** Task to carry out **
Set down the data again word for word. Skip any pictures.

** Source data **
=======

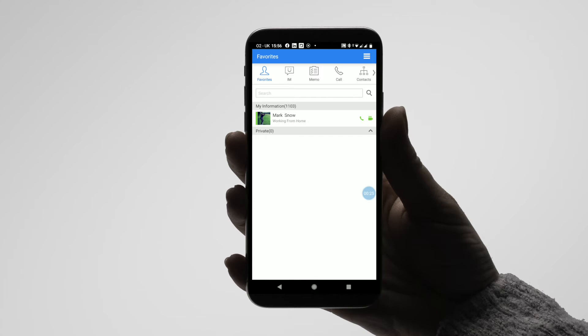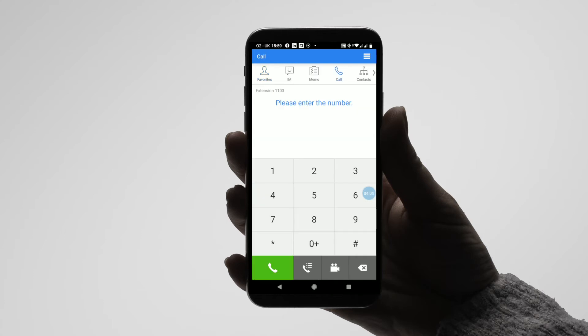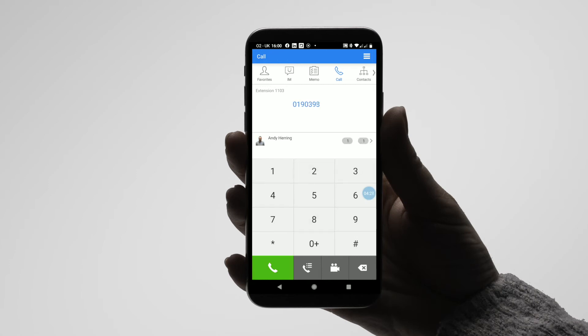To place a call, select the call icon. Here you can dial the number to call. As you type the number, matching contacts will be shown from your IPEX cloud directory. If the number is not in your directory, you can still place the call as normal. Press the call key to place the call.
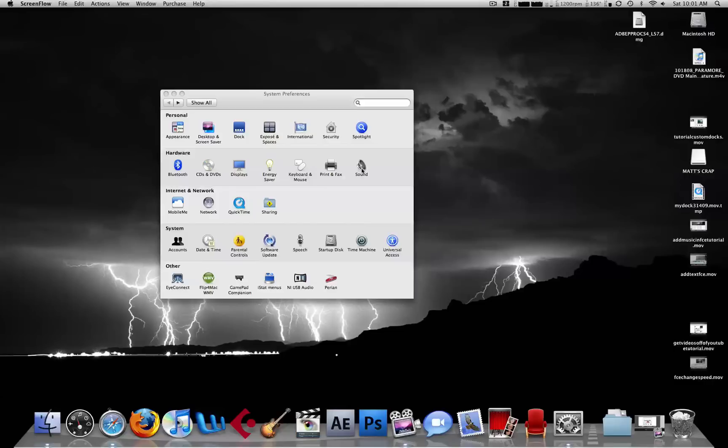Hey everyone, this is Max Skateboard coming your way with another quick tutorial. This one's on Mac Expose and Spaces, mainly in Spaces.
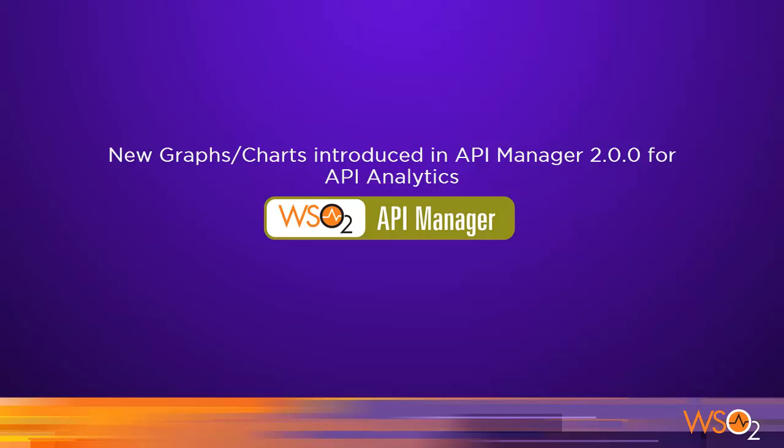In this screencast, I will walk through the latest additions to WSO2 API analytics.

=======

** Exercise result **
To place a call, select the call icon. Here you can dial the number to call. As you type the number, matching contacts will be shown from your IPEX cloud directory. If the number is not in your directory, you can still place the call as normal. Press the call key to place the call.
Hey everyone, this is Max Skateboard coming your way with another quick tutorial. This one's on Mac Expose and Spaces, mainly in Spaces.
In this screencast, I will walk through the latest additions to WSO2 API analytics.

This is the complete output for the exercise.